In Delhi, Atishi Marlena, Chitra Mishra, Aditi Bhardwaj, Ravish Tiwari, Pujya Trivedi, Rohit Wellington, Professor Indivar Kamtekar, and Dr David Baker strengthened me with their affection and advice. From Mumbai, Aditya Basu sent solace, from Sangareddy, my sister and brother-in-law wished luck, from Minneapolis, my aunt held hope, and from Coventry, Dr Pippa Virdee helped put the book to rest; much to my relief and that of my parents, especially my mother. This book is for them.
My doctoral research was on the early international dimensions of the Kashmir dispute between India and Pakistan, against the twin backdrops of the end of empire and the beginning of the Cold War. Employing these prisms, it looked at the evolution of this regional episode involving an erstwhile princely state into a subcontinental saga of undeclared war and diplomacy. It covered the two-decade period from 1945 to 1966, but towards the end of my research and through the course of writing my thesis, I was constantly struck by the strange amalgamation of individuals and institutions, structures and processes, and networks and agents, which populated the India of late 1940s and amidst whom the dispute emerged and evolved.
In particular, the aptly titled and peculiarly constituted Interim Government, in office from 2 September 1946, and its eleven provincial counterparts, in office from spring 1946, seemed to determine many aspects of both the epilogue to the Empire and the prologue to partition/independence of British India. Participated in by the major Indian political parties and propped up by the British state civil, police, and military apparatus, this miscellany of ideologically diverse, adversarial groups seemed ripe and relevant for an excavation. Oddly overlooked by the historiography of the period, given that this interregnum was overshadowed by what came before and after, its liminal image appeared to me as twice more important: first, as reflecting the afterlife of imperial India and second, as representing the precursor of independent India. The eleven months from September 1946 to August 1947, in my realization, were packed with critical elements of the formal exit of the empire alongside the imperial durabilities as well as the vital signs of the coming Partition and its aftermath.

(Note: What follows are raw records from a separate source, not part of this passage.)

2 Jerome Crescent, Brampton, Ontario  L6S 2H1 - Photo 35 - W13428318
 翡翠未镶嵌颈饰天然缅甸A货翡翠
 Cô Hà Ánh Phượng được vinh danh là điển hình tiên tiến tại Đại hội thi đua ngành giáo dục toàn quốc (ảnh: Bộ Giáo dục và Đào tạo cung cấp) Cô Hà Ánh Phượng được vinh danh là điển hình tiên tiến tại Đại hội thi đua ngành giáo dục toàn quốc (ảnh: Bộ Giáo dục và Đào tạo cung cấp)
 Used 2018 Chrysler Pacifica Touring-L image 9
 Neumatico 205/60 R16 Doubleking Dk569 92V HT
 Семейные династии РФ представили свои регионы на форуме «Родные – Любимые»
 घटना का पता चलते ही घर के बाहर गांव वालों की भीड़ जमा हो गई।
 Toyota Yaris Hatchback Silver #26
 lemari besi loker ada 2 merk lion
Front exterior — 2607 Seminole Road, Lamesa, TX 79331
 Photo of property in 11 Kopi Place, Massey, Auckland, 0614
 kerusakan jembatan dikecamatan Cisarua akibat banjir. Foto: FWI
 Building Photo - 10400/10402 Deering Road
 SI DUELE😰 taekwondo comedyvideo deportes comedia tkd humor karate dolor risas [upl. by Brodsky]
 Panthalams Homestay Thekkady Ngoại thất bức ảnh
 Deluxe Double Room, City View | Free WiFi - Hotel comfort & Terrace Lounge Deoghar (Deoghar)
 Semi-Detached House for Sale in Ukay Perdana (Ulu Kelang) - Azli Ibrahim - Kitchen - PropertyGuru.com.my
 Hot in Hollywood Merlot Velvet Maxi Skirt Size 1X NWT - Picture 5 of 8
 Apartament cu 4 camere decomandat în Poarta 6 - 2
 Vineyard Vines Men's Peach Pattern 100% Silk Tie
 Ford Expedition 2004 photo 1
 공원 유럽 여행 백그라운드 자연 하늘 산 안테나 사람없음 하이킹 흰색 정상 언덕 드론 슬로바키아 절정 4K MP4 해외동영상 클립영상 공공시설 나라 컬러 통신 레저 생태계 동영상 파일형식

Recent writings on Partition have increasingly become fittingly people-oriented, as against the earlier preferences for politics, processes, personalities, and policies. Nineteen forty-seven was, all said and done, a peoples tragedy, and attempts are being made, with renewed vigour, to probe, elucidate, document, exhibit, archive, and memorialize individual stories of voluntary and involuntary participation in that tide of affairs. Given this historiographical turn, the governmental arrangement that framed this period of transition is in danger of being almost entirely forgotten on all sides: British, Indian, and Pakistani. The incredibly diverse participants, both those who went on to have alternative public careers as well as those who did not, their life and work then has been overlain by later narratives.